Road network data plays an important role in transportation network analysis as the foundation where all travelers move and traffic flows. Road network data is a type of geographical information system (GIS) data which organizes real-world roads into a network structure with their connections and shapes. Nowadays, an increased accessibility to various types and formats of road network data, from open databases such as OpenStreetMap (OSM) to which generated from Global Navigation Satellite System (GNSS) trajectory data (Zhong et al. 2023) and satellite imageries (Hinz and Baumgartner 2003), has dramatically improved the efficiency of research on road networks.
The comparison of different road network datasets is essential for understanding the quality of data and evaluating their accuracy and usefulness. Previous studies mainly focused on the characteristics of network, such as positional accuracy, completeness and topological correctness (Boeing 2024, Hakley 2010). However, these methods only focus on a specific feature of network and may not be appropriate to directly apply to transportation network analysis, in which various local and global features are essential. For example, simplified road networks may not be accurate in completeness (Fig. 1), but tends to computationally efficient and are expected to keep the major traffic states (Fig. 2). Therefore, existing methods could only evaluate the accuracy but not traffic and computational issues, thus the usefulness of data could not be evaluated properly.
In this study, we developed a comprehensive method of comparing road network datasets that can capture the effects of local and global features for transportation analysis. To evaluate road network data on a macroscopic scale, we consider the entire network represented by the data as one geographical distribution weighted by traffic parameters. The distribution is on a two-dimensional grid space, refers to the shape of road network using positional information of links and nodes. Possible traffic states on road network data is obtained by static traffic assignments with user equilibrium.
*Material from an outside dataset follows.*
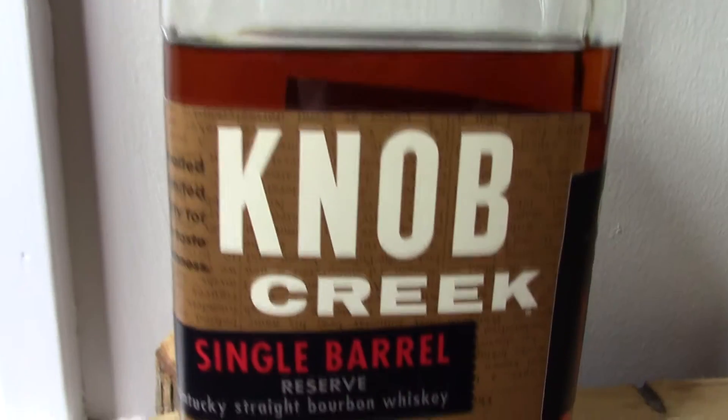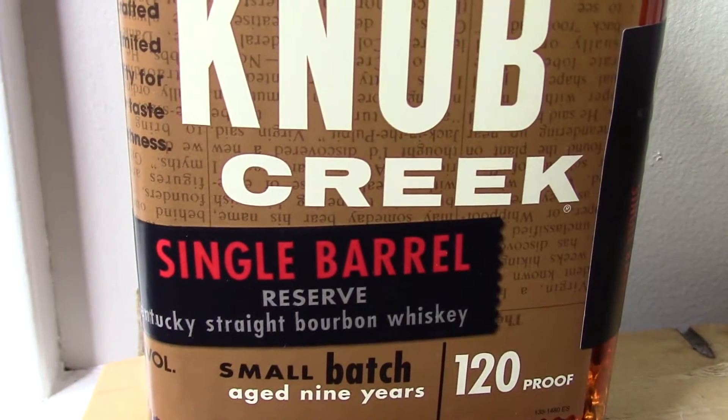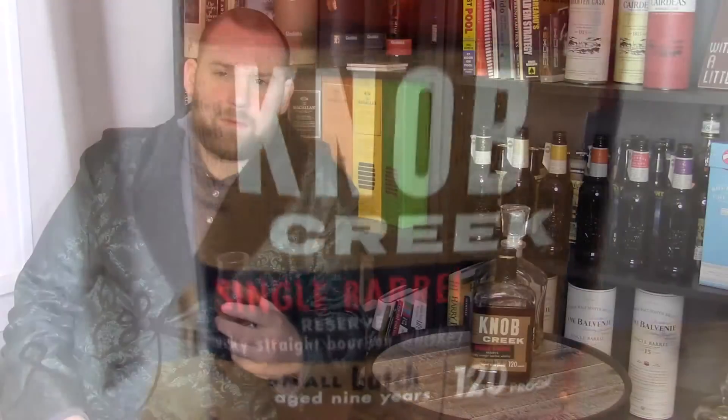Hi everyone, welcome back to the Tasting Room. We're sampling today a Knob Creek Single Barrel Reserve. This one is of course a Kentucky Straight Bourbon. It was aged for nine years and bottled at 120 proof.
Necessary traffic parameters (e.g. capacity and max speed) and OD demands can be hypothetically assumed from road network data. Differences between two road networks is measured by differences of possible route choices on them, in proportion to traffic volume and geographical distance between routes. This is defined as traffic-weighted distance, calculated from the Wasserstein distance between two corresponding distributions.
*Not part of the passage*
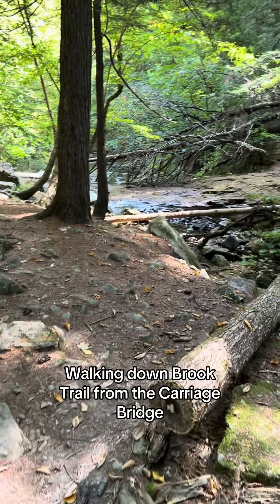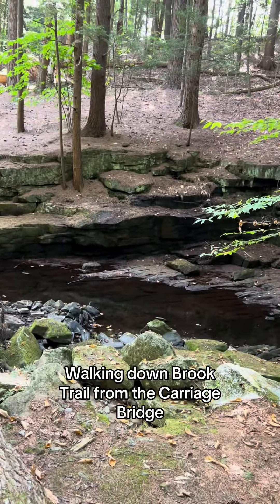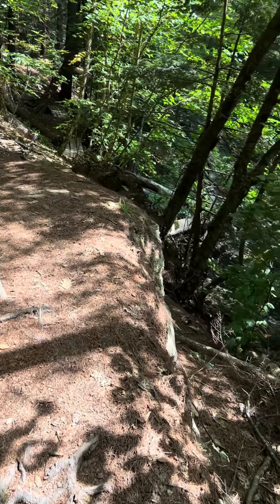Hidden Gems of Hallowell: Vaughan Woods, Part 2. Walking down Brook Trail from the Carriage Bridge.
We did comparisons and evaluations of different simplified OSM networks within a study area in Tokyo. Network extraction methods are applied for simplification, where nodes and links which considered as insignificant are removed to simplify the network but keep the major traffic distribution on it. Results in Fig. 3 show that for such simplified networks, they have high link length reduce rate but small traffic-weighted distance to the original network, refers to small changes on traffic distributions. Therefore, the proposed method could evaluate changes of possible traffic states over different networks, suggests a potential use in evaluating and selecting road network datasets.

References
G. Boeing: Modeling and Analyzing Urban Networks and Amenities with OSMnx. Working paper. 2024.
M. Haklay: How good is volunteered geographical information? a comparative study of openstreetmap and ordnance survey datasets,Environment and Planning B: Planning and Design, Vol.37, No.4, pp.682–703, 2010.
S. Hinz and A. Baumgartner: Automatic extraction of urban road networks from multi-view aerial imagery, ISPRS Journal of Photogrammetry and Remote Sensing, Vol. 58, Issues 1–2, pp. 83-98, 2003.
H. Zhong, T. Seo, W. Nakanishi, S. Yasuda, Y. Asakura and T. Iryo: Generation of aggregated road network by vehicle trajectory data, in 10th International Symposium on Transportation Data and Modelling (ISTDM2023), Ispra, 19-22 June 2023.